Chapitre 10

45 3 0
                                    

Ce jour-là, Madison était seule à la maison. Cela n'était pas surprenant, son frère étant en pleine adolescence, il passait ses journées à traîner avec ses "potes", et sa mère sortait presque tous les jours. Madison était en pleine partie de son jeu préféré, quand elle entendit la sonnette de l'entrée. Elle courut voir de qui il s'agissait, mais elle se souvint des conseils avisés que lui avait un jour donné sa mère : "Vérifie toujours de qui il s'agit avant d'ouvrir la porte, et si tu ne connais pas la personne, ne lui ouvre sous aucun prétexte.". Elle demanda alors au travers de la porte, qui venait sonner cher elle. La personne lui répondit qu'il s'agissait du père de Louis. Madison lui ouvrit alors la porte, elle avait peur qu'il lui soit arrivé malheur. Il prétexta vouloir parler à sa mère. Madison lui répondit que sa mère n'était jamais à la maison en pleine journée, elle était surprise que son voisin ne s'en soit jamais rendu compte avant. Son étonnement devait se lire sur son visage, puisqu'il répliqua sans attendre, qu'il n'y avait plus pensé, et lui demanda s'il pouvait entrer et attendre le retour de sa mère.
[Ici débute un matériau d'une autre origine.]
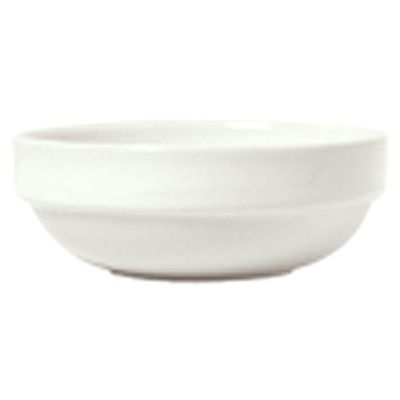 Syracuse White Undecorated Chateau 6 oz Stacking Fruit Dish
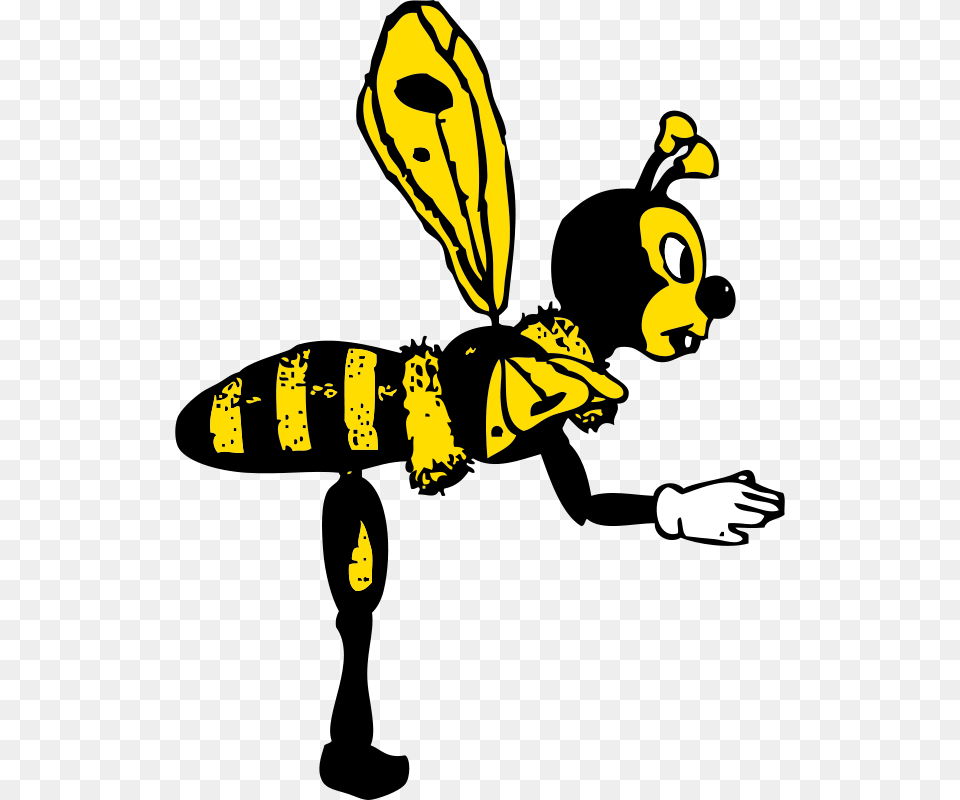 Johnny Automatic Bending Bee From Side, Animal, Insect, Invertebrate, Wasp Free Png Download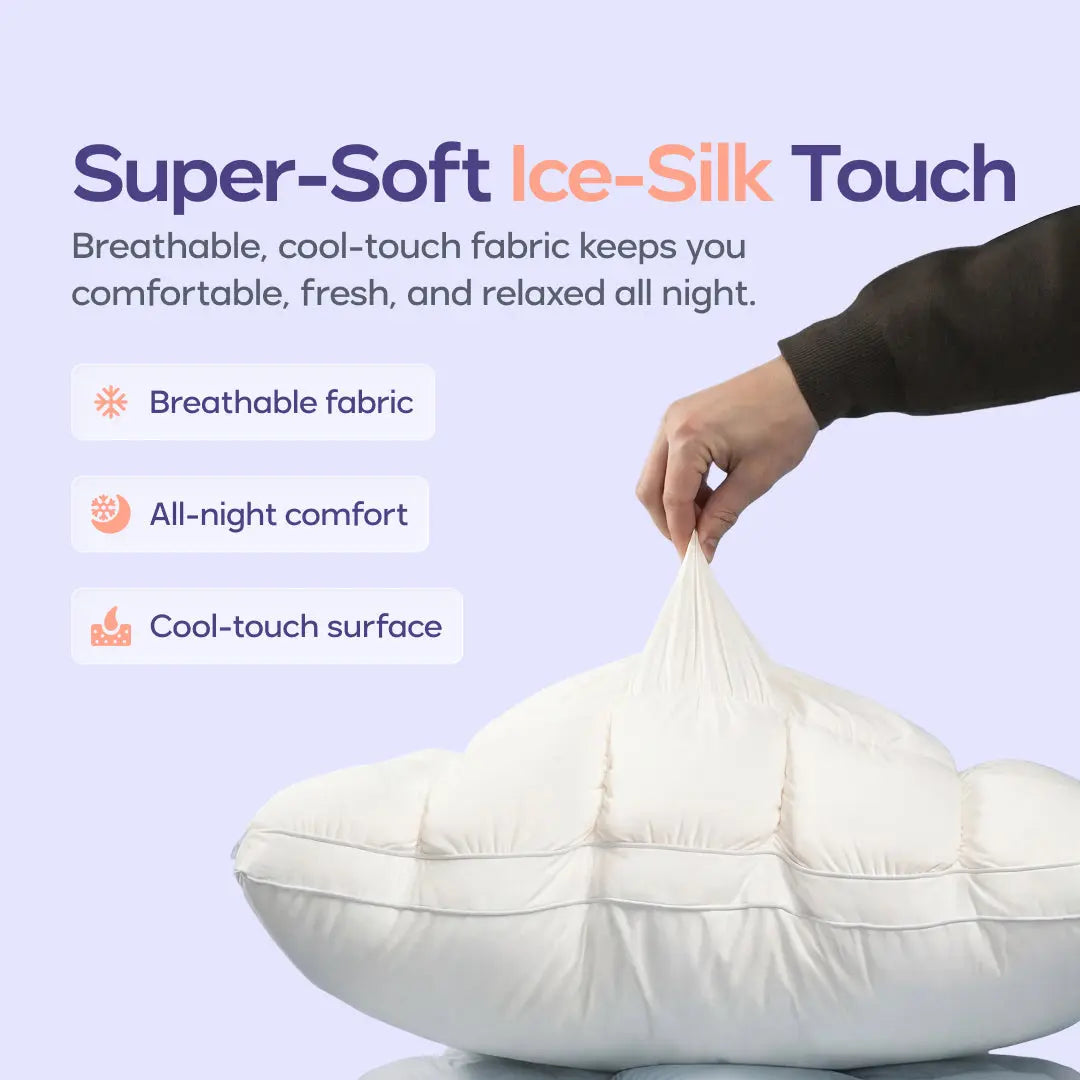 Mellow Puff Pillow for Better Sleep - Image 2
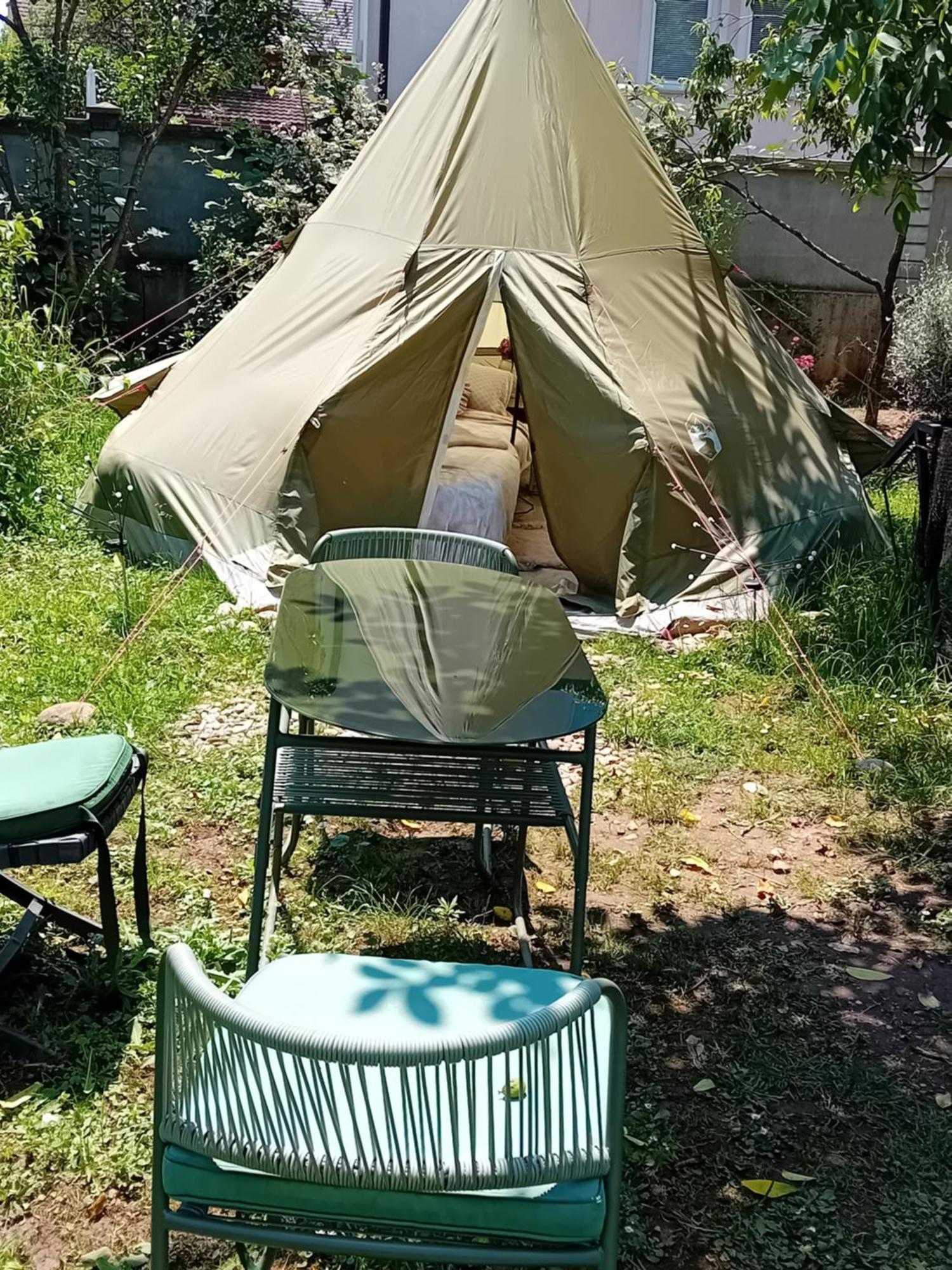 Indian Tent Tipi In Shared Lot And Shared Bathroom Mrse Kültér fotó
Madison n'y voyait aucune objection, mais elle insista sur le fait que sa mère se serait sûrement pas de retour de sitôt, et qu'il serait bête qu'il perde son temps pour rien. Il tenta alors de riposter, mais ne trouva pas d'arguments assez valables pour s'incruster dans le petit salon tranquille de la famille. Il la remercia et la salua poliment avant de partir en direction de sa maison.
À cette vue, Madison eu des frissons, mais ne parvint pas à comprendre pourquoi, cette entrevue, lui avait laissé une impression de déjà vue. Le lendemain, Louis vint frapper à la porte, Madison l'accueillit comme elle le faisait à chaque fois qu'elle le voyait. Cependant, il y avait quelque chose dans le comportement de Louis, qui trahissait son inquiétude. Ils restèrent trente minutes sans oser se regarder dans les yeux. Louis finit par briser la glace, et lui demanda si son père était passé la veille. Elle répondit que non, qu'elle n'avait aucun souvenir d'une quelconque entrevue avec son père. Bien sûr elle mentait. Était-ce par réflexe, par intuition, par honte ? Je ne sais pas, mais ce jour-là, elle le regarda droit dans les yeux et lui mentit. Mais était-ce seulement un mensonge ? Il est vrai qu'elle n'avait aucun souvenir de cette entrevue, de cette entrevue qui avait pourtant bien eu lieu, et pourtant, de cette entrevue il ne restait plus rien, pas même une once de souvenir, non, il n'y avait plus rien du tout.
De temps en temps, dans ses rêves, lui revenait des bribes de souvenirs, qu'elle associait alors à des rêves. Le pouvoir de sélection de sa mémoire était assez impressionnant. Alors non, ce jour-là, elle ne lui avait pas vraiment menti. Elle n'avait plus jamais revu le père de Louis après ce jour, elle déclinait inconsciemment toutes les invitations où elle risquerait de croiser son père. C'était devenu plus fort qu'elle, dès qu'elle sortait de chez elle, elle se retournait toutes les cinq minutes pour vérifier que personne ne la suivait, elle évitait de croiser le regard des hommes et mêmes celui des garçons de son âge.
Alors oui, ce jour-là, il s'était passé quelque chose, quelque chose dont Madison n'arrivait pas à remettre le doigt dessus. Petit à petit, la vie reprit son court normal, et Madison ne pensa plus cette sensation de malaise qui l'habitait. Oui, c'était le contenu de cette entrevue qui lui était revenue en mémoire le jour de "incident". Madison s'était prise une véritable claque. Elle était là, sur le palier, les yeux écarquillaient, elle était là, et elle n'a rien fait. Elle est montée à l'étage comme si de rien était, sans même prendre le temps de retirer sa veste. Elle était là, leurs regards s'étaient croisés. Elle n'avait pas pu l'ignorer, elle l'avait compris, et pourtant elle n'a rien fait. En silence, elle appelait à l'aide, mais rien, pas de son, pas de réponse. Ce jour-là, elle avait besoin d'elle, et elle n'était pas là, elle n'était plus là. Elle avait atterri sur une autre planète, elle avait changé de langue, elle ne comprenait plus rien aux mots qu'elle prononçait. Elle était devenue une étrangère dans sa propre maison.